Nolan revels in making larger-than-life cinema spectacles that demand to be seen on as big a screen as possible. With Tenet, he’s done just that. He’s also indulged in his pet obsessions like using the story to comment on how the language of cinema – particularly editing – can distort time, and the art of storytelling itself. Nolan’s orchestration of three different timeframes in his WWII film Dunkirk felt innovative. His use of dream logic and slow motion in Inception to comment on how movies manipulate time for dramatic effect was exhilarating. Tenet, however, feels like well-worn territory for Nolan by now.
The director doesn’t even bother to slyly avoid his characters using our hero’s name, only to have us realize, as we see it in the credits, that he never actually had a name. No, the character refers to himself repeatedly throughout the movie as The Protagonist, solidifying Nolan’s obsession with putting a meta-critique about storytelling right on the surface of his movies. At one point, our hero actually says the words, “I’m the protagonist of this story.” It’s too clever by half.
The other tired trope that Nolan leans on here is that women characters serve only as catalysts for men’s actions. The central character in Memento is driven by the memory of his dead wife. The same is true of the hero in Inception. The protagonist in Interstellar is driven by the love for his daughter, who isn’t really given much to do outside of being an inspiration.
In Tenet, the woman is named Kat, and she serves as The Protagonist’s emotional focus and the villain’s violent obsession.
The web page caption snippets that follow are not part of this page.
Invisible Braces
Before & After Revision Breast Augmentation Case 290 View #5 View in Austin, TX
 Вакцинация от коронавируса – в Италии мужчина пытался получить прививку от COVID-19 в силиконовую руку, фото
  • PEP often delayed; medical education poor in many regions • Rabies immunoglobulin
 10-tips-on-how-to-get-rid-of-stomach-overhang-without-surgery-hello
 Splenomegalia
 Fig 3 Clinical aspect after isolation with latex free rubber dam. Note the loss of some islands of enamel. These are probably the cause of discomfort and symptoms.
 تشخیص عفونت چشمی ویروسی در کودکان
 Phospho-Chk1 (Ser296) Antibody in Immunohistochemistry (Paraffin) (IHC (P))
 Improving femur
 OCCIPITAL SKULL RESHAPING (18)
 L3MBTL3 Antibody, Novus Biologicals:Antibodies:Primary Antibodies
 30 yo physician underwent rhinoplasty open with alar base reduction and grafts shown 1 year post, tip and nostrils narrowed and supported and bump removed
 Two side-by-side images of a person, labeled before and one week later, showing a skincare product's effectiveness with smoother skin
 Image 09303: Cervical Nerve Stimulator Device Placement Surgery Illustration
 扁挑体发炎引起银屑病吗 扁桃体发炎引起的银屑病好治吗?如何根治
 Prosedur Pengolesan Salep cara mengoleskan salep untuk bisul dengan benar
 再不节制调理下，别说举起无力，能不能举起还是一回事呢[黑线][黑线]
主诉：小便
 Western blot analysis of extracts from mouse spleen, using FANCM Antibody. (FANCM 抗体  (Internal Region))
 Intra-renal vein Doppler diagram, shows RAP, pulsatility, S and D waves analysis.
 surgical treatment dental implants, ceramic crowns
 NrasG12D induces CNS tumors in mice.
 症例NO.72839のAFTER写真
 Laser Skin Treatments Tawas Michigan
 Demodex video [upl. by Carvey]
Kat is an art appraiser, and her estranged husband, Andrei Sator, is a Russian oligarch who holds a secret about her career – and the threat of taking their son away from her – to keep her from leaving him. We also learn he is somehow communicating with someone in the future, and he is intent on using the technology of the future to destroy the present. Laughably, Sator’s motivation both for holding his wife hostage and his desire to end the world comes down to “if I can’t have you, nobody can.”
During one admittedly breathtaking action sequence in the middle of the film, The Protagonist must try to save Kat’s life when she is shot by an inverted bullet. He takes her through a mysterious device called a “turnstile” that allows humans to walk through and come out in an inverted state. Through yet more indecipherable mumbo-jumbo exposition, the movie explains to us how her wound from an inverted object can be healed by putting her into an inverted state herself – don’t think about it too long, or you’ll get an ice cream headache.
What’s most frustrating about Tenet is that everything surrounding this nonsensical head-scratcher of a plot is first-rate Nolan. Hoyte van Hoytema, the supremely talented cinematographer who has worked with Nolan on Dunkirk and Interstellar, in addition to shooting Ad Astra, Spectre, and Her, gives Tenet a lush, gorgeous look. Hoytema and Nolan collaborated to create some truly awe-inspiring widescreen compositions. The action sequences – especially the fight scenes – are innovative and endlessly thrilling to watch, blending forward and backward motion to spectacular effect.
The ensemble cast are also a delight to watch. John David Washington is magnetic as The Protagonist. Sign me up for any movie that features Washington as the leading man. Robert Pattinson, in the wake of his revelatory performance in Good Time – continues to impress with his portrayal of Neil, The Protagonist’s handler who might know more than he lets on about the Tenet organization. Pattinson’s British accent is impeccable – at least to these American ears.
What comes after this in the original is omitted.